Open EricR86 opened 8 years ago

EricR86 commented 8 years ago

Original report (BitBucket issue) by Eric Roberts (Bitbucket: ericr86, GitHub: ericr86).


Resolution should only be specified for training and identify should not depend on it being specified. The parameters need to match and this should be found out somehow from the training directory.

EricR86 commented 8 years ago

Original comment by Michael Hoffman (Bitbucket: hoffman, GitHub: michaelmhoffman).


Is this not stored in train.tab? It should be stored and used there.

EricR86 commented 8 years ago

Original comment by Eric Roberts (Bitbucket: ericr86, GitHub: ericr86).


@rcwchan I believe you were the first one to get this issue of mismatching resolutions and GMTK complaining about the cardinality of the presence data. Can you figure out how to reproduce this and post it here?

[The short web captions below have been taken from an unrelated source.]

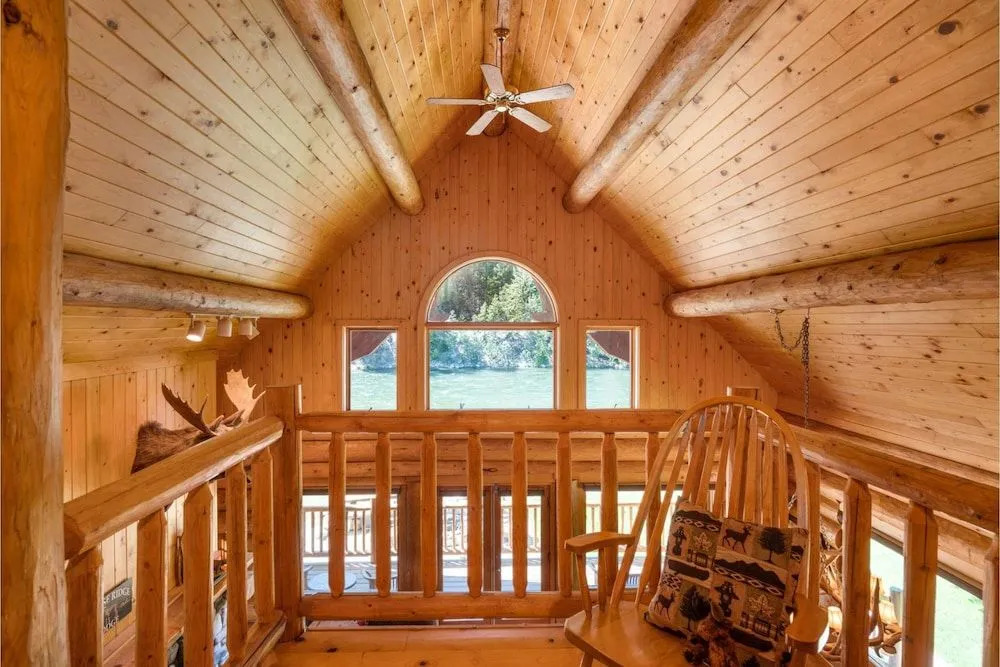 Moosehead Lodge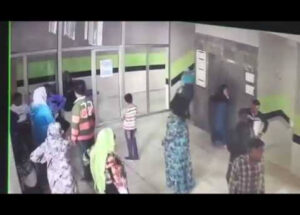 بالفيديو: هذا فجرت كاميرا المراقبة فضيحة اختطاف رضيعة من قسم المواليد داخل المستشفى من طرف منقبة.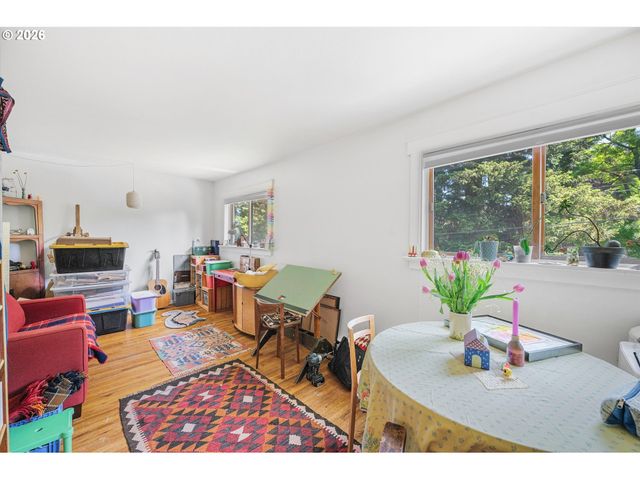 2237 Ne 14TH Ave, Portland, OR 97212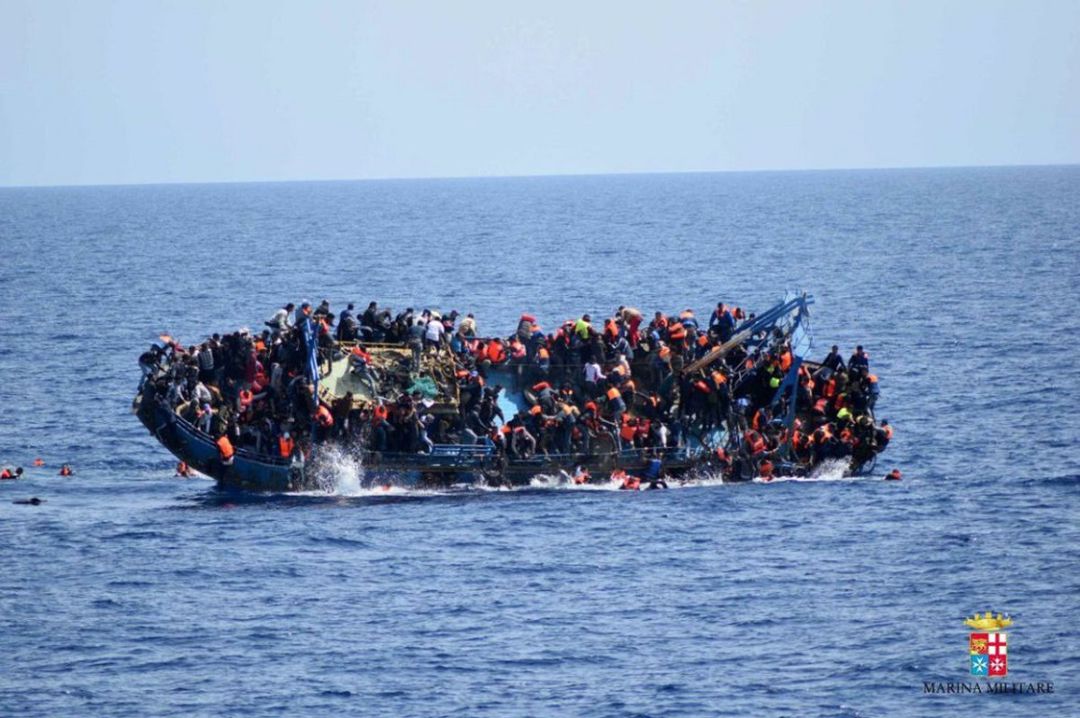 Inmigrantes intentando llegar a nuestras costas Inmigrantes intentando llegar a nuestras costas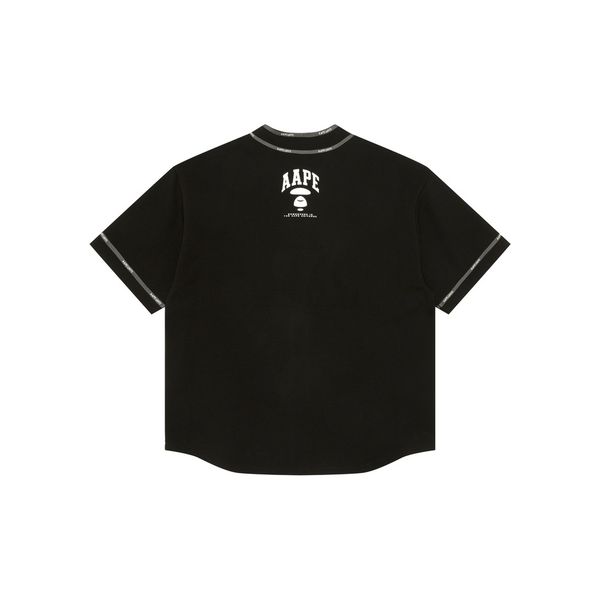 AAPE T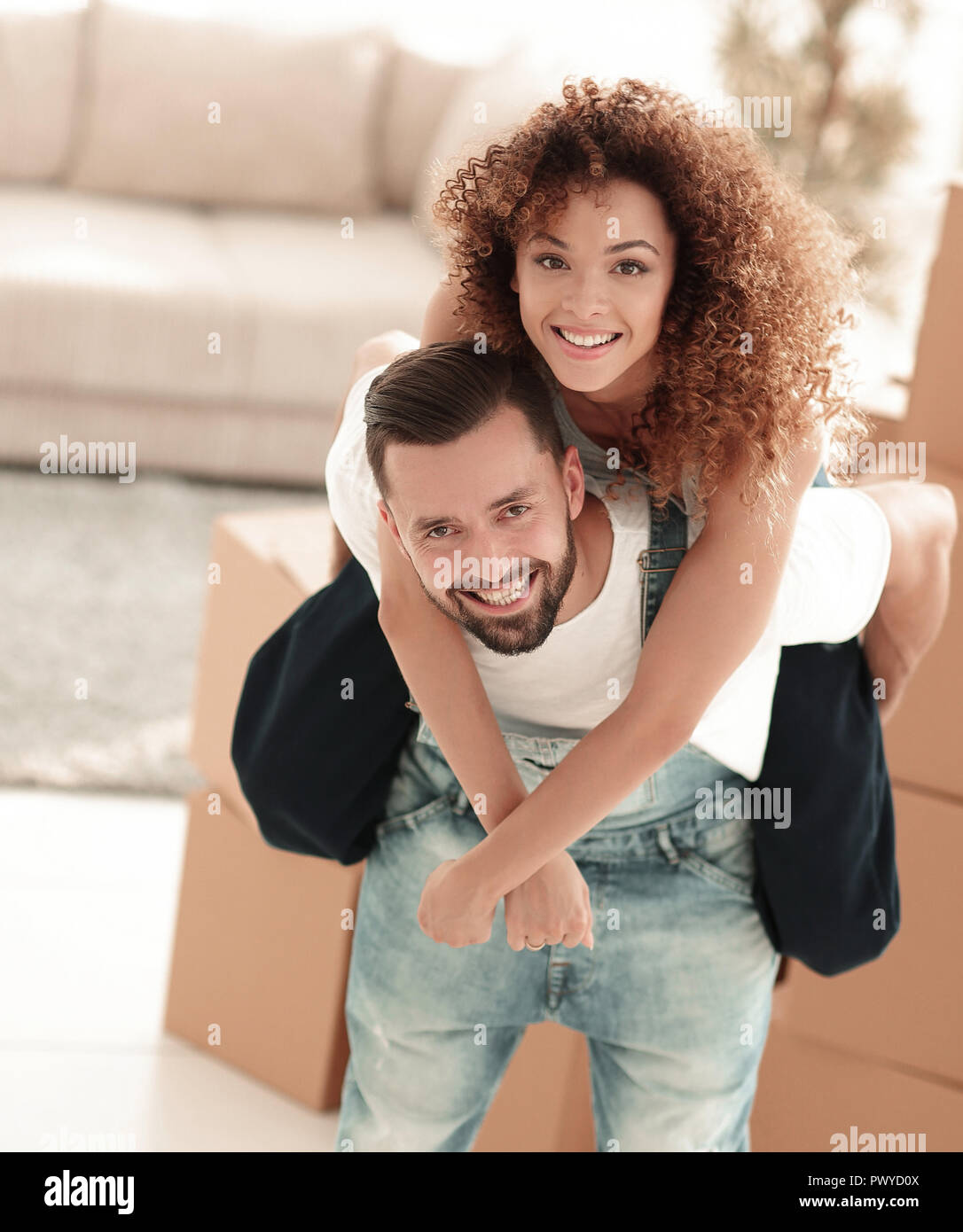 Portrait D Un Couple Amoureux Dans Un Nouvel Appartement Vide Photo Stock Alamy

EricR86 commented 8 years ago

Original comment by Rachel Chan (Bitbucket: rcwchan).


@ericr86 I can't seem to reproduce it with simplesemisupervised or simpleseg, but segway doesn't complain when I specify different resolutions for training and identification (which was how I got the bug last time). At that point in time, I did not know I didn't have to specify the resolution when identifying (and accidentally put res=10 instead of res=1 or something).

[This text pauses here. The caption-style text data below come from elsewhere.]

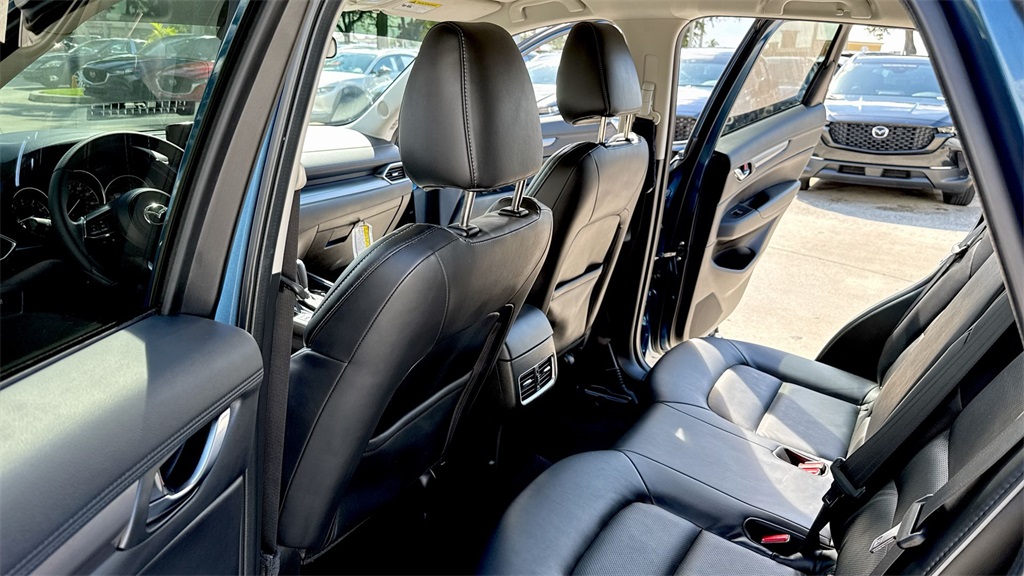 2024 Mazda CX-5 2.5 Select photo 34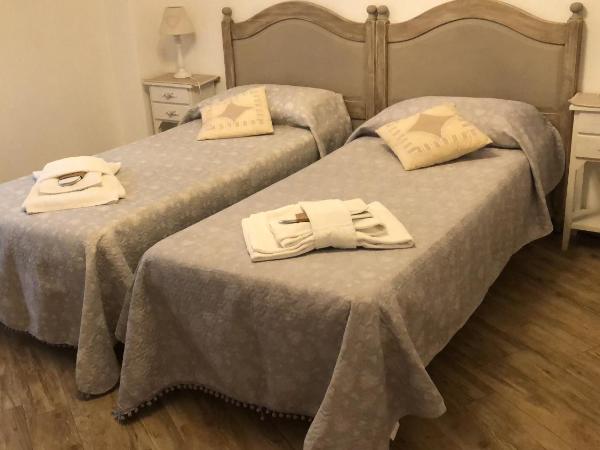 City Garden Guest House : photo 7 de la chambre chambre lits jumeaux pour personnes à mobilité réduite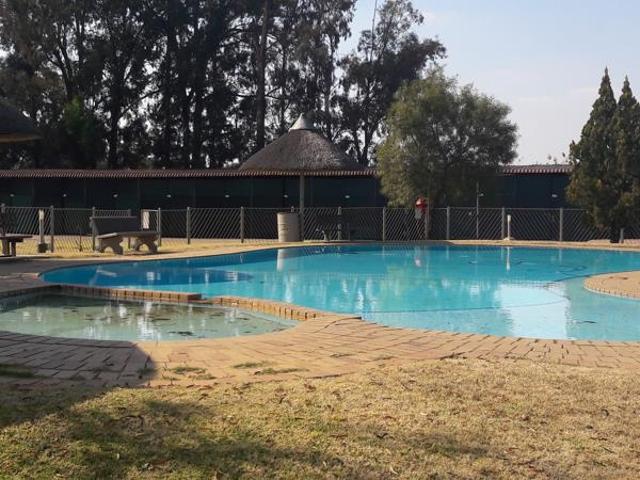 Townhouse for rent in Oranjeville, Free State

Not needing to re-specify the resolution is not mentioned in the documentation either.

From debugging the code, it looks like if a different resolution is specified for identification, it overwrites the one inferred from training. Should there be a check in place?

EricR86 commented 8 years ago

Original comment by Eric Roberts (Bitbucket: ericr86, GitHub: ericr86).


Yes this sounds like the bug that's currently in place.